Patrick Kane

It is amazing how Patrick Kane stick handles. For his weight and size it would be hard for many to believe he plays in the NHL let alone being one of its greatest stars. As we can see from the above video it is hard to believe. Kevin Allen, of USA TODAY Sports on February 3, 2014 wrote “The truth is everything on the video 3 million people have viewed is real, except Kane breaking the camera lens. It took him only 20 minutes to film the sequence. Certainly no one who knew Kane growing up in Buffalo was surprised by his stick-handling artistry. Kane never was without a stick in his hand and a ball on its blade. Golf ball. Hard plastic balls. Weighted balls. Whatever was available, Kane used. “When we would travel to tournaments, he would stickhandle into the hotels,”

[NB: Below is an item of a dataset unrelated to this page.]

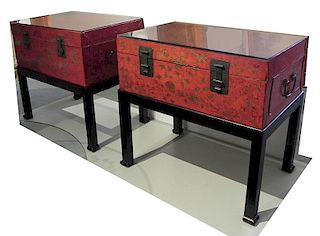 Assembled pair of Chinese 20th C. pigskin trunks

Pat Sr. said. “We would go in the back door, and he would stickhandle up the stairs to the second or third floor.” Kane was the ultimate rink rat. One season, his dad estimates he played 300 games. He moved away, for hockey reasons, when he was a high school freshman. He played at Detroit Country Day for a year, then played for the U.S. National Team Development Program and then finally for the London Knights in the Ontario Hockey League. Kane’s determination to succeed was evident at an early age. “He was always going, going and going,” Donna Kane recalled. “One morning, he had an early practice, and I had to get him up at 5:30. I said, you have to get up for practice, and he said, ‘Ohhhh.” Reading the signals that her son needed a break, Donna immediately said he didn’t have to go. She wanted him to sleep in. “He said, ‘Do you think it’s all right?’ And I said, ‘It’s fine, Pat,'” Donna said. “But before I got to the door, ‘No, No. I’m up. I’m going. I’m going.’ … He just wasn’t going to miss it.” One summer, over a 10-week span, Kane spent nine weeks in hockey schools in Buffalo. “The 10th week we couldn’t find a hockey school for him to go to,” Pat Sr. said.”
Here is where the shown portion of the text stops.